→ Provided records:
»»

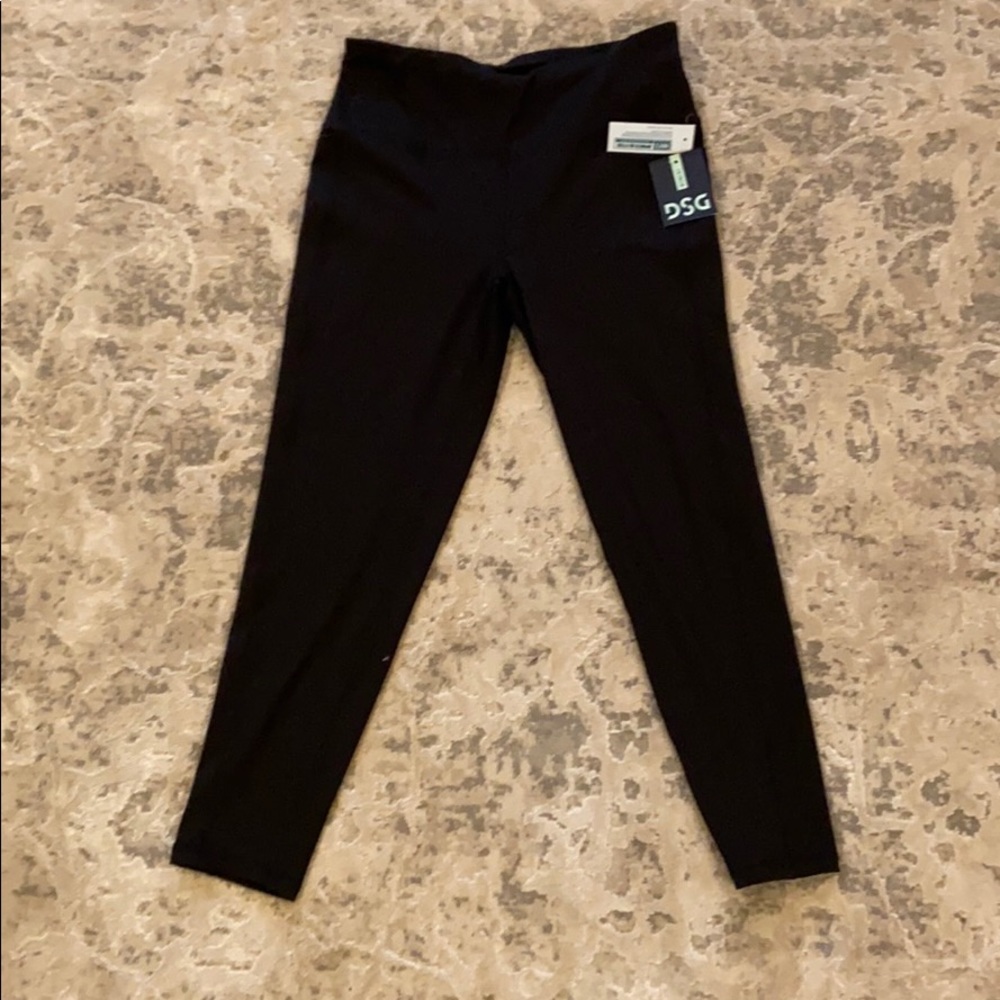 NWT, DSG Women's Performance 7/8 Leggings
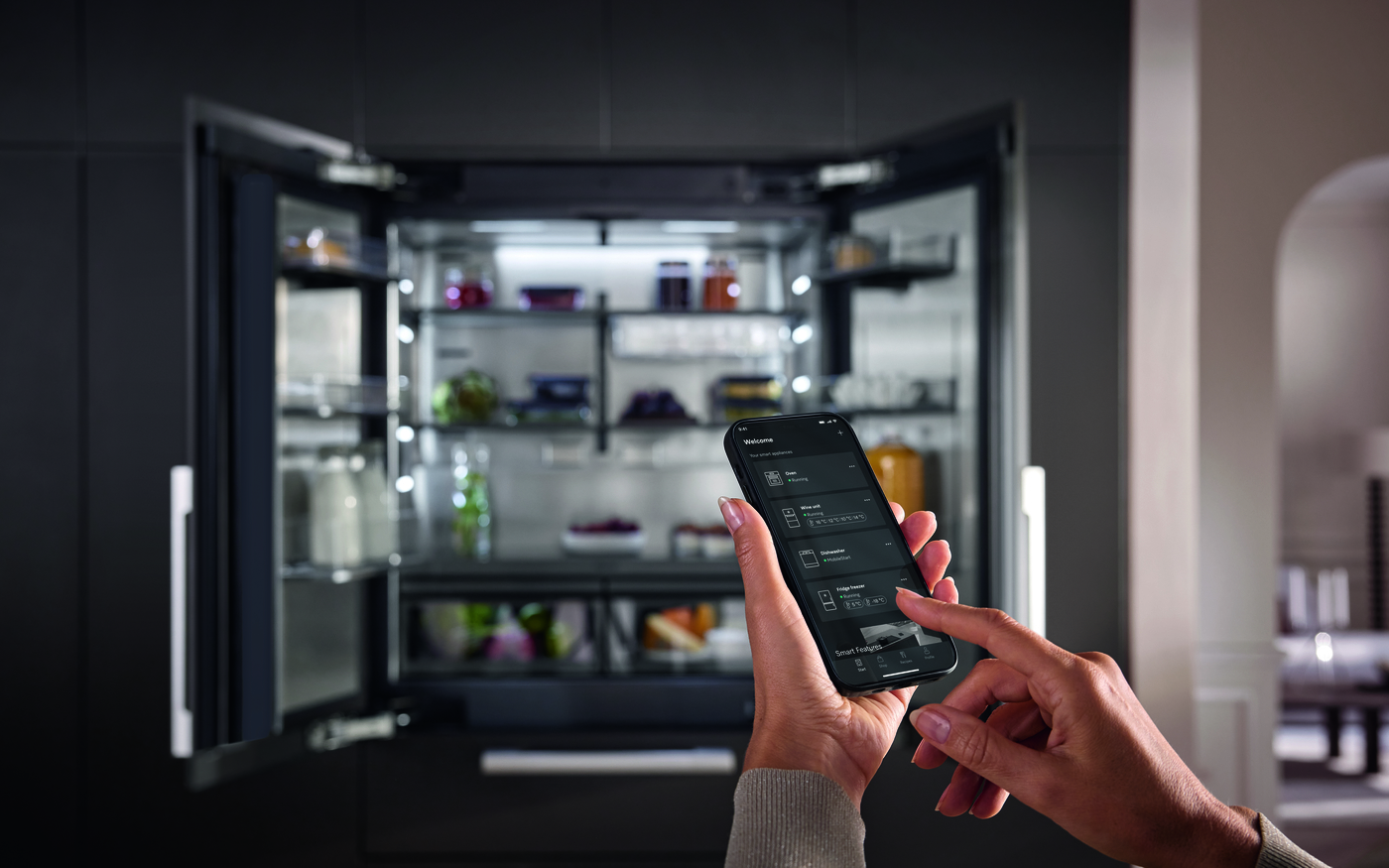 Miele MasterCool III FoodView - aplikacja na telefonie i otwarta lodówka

««
»»

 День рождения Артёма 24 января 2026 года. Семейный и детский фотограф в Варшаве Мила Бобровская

««

→ What is expected:
What you need to produce is an exact copy of the entries above, limited to the lines from the one with "NWT, DSG Women's Performance 7/8 Leggings" up to and including the one with "Miele MasterCool III", without pictures.

→ Solution to this exercise:
 NWT, DSG Women's Performance 7/8 Leggings
 Miele MasterCool III FoodView - aplikacja na telefonie i otwarta lodówka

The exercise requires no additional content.